The DDN is used as a disposition code when the results are recorded only in an information or indictment, and not in an application document. Used without bail by the accused, but with guarantee and surety. Used accordingly ONLY if a request for addendum 742.6 CC S is granted and an “arrest warrant to review the verdict” must be issued against the conviction case(s). Used in juvenile courts as an injunction instead of prison – secure detention. Used to record the exclusion of multiple convictions for the same crime. Used when the defendant is found not guilty. The charges were dismissed and the accused was acquitted. The following information in HTML format has been (laboriously) taken from a table that can be found on the Government of British Columbia website here. Used when an accused has been adjourned to perform certain tasks and returns when they are completed (see CCFM Rule 8(2)(f)). Used only for juvenile courts. Used in the planning of the factual record for an additional custody request.
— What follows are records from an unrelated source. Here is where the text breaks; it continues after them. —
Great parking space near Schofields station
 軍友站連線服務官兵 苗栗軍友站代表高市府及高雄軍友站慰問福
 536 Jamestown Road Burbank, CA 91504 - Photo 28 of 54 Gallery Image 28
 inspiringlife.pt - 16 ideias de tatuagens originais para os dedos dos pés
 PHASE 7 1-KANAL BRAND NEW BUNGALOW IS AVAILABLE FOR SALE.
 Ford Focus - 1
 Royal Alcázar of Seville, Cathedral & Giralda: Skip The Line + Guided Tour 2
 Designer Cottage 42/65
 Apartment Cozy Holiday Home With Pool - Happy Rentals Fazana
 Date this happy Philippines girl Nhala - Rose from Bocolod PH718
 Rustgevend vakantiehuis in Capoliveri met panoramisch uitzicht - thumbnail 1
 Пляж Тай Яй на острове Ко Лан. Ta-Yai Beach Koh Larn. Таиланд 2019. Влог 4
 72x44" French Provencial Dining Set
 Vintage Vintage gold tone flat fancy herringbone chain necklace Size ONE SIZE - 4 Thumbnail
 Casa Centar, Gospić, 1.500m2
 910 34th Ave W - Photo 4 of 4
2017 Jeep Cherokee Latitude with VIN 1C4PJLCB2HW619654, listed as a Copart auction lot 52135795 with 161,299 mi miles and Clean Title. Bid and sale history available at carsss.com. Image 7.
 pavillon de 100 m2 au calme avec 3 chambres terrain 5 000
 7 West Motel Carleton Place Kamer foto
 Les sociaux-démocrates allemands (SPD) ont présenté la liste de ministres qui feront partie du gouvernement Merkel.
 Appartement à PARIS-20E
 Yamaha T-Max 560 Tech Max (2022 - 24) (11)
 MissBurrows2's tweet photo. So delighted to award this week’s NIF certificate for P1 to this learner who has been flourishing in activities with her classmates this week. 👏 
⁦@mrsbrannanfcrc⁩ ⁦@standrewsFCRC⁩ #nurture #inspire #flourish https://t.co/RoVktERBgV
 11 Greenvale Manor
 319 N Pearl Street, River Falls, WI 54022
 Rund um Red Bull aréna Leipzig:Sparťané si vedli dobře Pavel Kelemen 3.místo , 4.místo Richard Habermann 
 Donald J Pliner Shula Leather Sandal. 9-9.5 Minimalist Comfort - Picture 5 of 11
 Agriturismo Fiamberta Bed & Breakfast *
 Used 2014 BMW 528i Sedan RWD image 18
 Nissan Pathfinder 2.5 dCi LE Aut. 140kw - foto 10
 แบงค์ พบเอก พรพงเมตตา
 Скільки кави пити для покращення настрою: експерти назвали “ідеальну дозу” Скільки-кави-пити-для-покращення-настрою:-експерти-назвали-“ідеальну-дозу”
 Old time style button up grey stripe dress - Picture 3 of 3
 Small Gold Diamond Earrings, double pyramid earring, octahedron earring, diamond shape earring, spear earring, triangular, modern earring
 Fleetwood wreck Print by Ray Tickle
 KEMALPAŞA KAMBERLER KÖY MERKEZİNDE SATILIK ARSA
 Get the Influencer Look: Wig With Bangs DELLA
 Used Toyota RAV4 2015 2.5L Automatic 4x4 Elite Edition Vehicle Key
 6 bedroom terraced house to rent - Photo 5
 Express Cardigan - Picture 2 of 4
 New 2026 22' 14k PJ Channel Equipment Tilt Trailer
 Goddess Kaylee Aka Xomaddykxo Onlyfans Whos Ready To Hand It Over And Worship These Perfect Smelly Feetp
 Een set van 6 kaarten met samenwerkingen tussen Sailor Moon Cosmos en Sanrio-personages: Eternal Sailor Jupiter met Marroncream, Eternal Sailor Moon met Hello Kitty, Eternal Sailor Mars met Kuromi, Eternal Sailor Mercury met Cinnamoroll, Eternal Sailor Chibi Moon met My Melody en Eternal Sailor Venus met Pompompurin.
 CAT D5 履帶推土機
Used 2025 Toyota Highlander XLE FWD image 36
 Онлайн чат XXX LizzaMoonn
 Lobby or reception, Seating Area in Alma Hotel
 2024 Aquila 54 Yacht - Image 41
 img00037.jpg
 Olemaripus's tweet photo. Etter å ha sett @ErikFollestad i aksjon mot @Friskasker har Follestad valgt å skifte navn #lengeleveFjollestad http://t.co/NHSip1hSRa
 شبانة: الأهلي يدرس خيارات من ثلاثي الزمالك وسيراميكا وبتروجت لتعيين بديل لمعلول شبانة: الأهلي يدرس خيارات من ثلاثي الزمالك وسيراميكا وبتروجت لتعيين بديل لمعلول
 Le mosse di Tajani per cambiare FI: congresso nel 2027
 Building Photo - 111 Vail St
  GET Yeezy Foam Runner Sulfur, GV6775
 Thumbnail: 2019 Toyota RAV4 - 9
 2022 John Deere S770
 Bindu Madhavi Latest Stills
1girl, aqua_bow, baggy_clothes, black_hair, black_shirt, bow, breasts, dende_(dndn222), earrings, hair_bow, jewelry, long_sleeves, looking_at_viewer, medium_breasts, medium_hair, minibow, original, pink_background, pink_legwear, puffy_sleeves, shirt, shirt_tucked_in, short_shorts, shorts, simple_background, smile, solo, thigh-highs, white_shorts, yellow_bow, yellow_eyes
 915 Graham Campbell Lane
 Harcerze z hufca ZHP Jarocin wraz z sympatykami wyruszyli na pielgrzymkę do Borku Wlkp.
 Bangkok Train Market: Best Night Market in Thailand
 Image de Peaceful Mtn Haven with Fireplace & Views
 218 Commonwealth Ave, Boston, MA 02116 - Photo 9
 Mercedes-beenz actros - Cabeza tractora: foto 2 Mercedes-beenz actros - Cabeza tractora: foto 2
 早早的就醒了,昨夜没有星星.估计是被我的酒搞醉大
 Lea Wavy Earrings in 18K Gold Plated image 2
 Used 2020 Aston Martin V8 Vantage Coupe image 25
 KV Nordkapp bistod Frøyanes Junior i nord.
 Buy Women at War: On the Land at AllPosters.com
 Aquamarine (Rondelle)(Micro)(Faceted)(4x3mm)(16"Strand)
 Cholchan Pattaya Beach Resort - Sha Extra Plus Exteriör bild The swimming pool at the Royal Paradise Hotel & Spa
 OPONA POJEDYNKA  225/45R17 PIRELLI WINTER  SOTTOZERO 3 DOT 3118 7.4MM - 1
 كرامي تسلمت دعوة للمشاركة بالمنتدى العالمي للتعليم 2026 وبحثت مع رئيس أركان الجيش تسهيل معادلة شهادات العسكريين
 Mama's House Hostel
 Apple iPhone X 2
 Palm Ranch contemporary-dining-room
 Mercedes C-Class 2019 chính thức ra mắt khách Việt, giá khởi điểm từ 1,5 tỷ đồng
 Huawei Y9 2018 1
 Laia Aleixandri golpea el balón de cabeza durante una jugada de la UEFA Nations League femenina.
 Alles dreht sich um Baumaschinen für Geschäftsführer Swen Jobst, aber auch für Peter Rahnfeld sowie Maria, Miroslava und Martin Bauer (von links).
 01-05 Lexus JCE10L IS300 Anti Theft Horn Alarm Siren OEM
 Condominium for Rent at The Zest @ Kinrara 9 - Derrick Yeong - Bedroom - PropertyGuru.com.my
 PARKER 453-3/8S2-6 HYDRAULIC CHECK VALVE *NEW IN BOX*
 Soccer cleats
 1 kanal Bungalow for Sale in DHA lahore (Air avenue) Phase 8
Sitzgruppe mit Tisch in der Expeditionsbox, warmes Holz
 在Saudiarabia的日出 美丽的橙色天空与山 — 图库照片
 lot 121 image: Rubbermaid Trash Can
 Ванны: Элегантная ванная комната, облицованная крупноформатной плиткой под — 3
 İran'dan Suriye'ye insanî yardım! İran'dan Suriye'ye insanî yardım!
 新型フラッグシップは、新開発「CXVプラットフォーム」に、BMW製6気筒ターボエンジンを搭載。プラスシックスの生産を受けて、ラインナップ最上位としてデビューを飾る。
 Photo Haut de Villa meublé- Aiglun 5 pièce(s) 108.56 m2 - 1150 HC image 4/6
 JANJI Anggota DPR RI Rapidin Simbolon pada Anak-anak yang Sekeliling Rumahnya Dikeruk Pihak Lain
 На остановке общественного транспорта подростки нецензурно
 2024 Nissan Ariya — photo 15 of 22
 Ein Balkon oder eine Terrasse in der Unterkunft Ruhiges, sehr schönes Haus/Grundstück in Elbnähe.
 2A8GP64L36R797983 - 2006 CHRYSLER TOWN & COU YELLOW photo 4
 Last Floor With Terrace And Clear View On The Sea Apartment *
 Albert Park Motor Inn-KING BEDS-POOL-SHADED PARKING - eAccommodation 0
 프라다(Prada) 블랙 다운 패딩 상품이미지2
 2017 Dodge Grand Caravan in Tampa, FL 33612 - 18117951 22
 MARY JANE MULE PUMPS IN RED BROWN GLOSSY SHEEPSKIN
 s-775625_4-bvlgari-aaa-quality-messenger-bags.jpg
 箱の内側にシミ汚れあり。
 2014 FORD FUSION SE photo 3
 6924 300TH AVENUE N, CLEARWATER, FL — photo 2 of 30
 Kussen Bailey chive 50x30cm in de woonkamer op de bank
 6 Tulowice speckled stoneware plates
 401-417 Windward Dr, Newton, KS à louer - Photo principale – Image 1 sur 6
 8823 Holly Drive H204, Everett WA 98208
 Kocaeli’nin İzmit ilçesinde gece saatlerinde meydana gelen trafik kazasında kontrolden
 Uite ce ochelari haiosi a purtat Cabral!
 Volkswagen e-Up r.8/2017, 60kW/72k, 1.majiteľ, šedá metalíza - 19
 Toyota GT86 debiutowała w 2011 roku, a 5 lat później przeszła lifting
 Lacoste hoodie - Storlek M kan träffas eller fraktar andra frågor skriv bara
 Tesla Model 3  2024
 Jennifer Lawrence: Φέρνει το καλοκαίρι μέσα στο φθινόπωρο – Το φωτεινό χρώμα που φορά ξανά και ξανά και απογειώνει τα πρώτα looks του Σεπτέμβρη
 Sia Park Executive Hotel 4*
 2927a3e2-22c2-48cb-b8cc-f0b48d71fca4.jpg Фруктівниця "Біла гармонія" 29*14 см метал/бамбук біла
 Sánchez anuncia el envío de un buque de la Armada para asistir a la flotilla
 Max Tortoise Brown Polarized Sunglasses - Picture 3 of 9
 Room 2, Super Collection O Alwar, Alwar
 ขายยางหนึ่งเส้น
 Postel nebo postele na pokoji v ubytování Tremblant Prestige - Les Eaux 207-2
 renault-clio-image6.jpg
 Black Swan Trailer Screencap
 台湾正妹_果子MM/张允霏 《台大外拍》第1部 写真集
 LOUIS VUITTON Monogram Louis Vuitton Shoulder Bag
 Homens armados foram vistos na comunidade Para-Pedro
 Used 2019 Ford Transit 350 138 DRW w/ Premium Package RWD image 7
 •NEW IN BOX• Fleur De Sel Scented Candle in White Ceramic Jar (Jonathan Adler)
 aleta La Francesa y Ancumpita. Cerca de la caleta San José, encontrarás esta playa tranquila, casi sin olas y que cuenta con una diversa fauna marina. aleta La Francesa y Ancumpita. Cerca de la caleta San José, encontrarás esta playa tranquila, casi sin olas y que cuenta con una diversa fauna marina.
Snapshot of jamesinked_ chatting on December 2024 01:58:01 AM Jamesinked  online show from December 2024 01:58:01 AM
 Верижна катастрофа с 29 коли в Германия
Used when the sole verdict of the arbitrator is not guilty. Will be added in the future. Used after the execution of an arrest warrant in which the accused has been released by the police and the defendant appears for the first time (not in detention) in accordance with this release document. Used when a judge sentences a young person to a judicial reprimand. Used when the arbitrator renders a guilty verdict after a plea has been entered, and can be done with or without a court hearing. Used when the scheduled event is a process confirmation hearing (see Rule 8(6)(b) and Rule 10 of the CCFM) Used when an adjudicator determines that a charge on the front of an indictment, information or contravention is found to be incorrect. Used when an arbitrator triggers a stay of proceedings on the case. Used when an assessment order is made outside of custody. Used when a defendant has expressed an intention to make an admission of guilt before a provincial court judge (see CcFM Rules 5(a) and 5(b)) Psychiatric/Psychological Review and Report, Assessment Order Used when the defendant pleads not guilty to the offence(s) charged but guilty of a minor/included or other offence. Used when the judge sentences the young person to shared probation to be served before and after a combined custody and supervision sentence.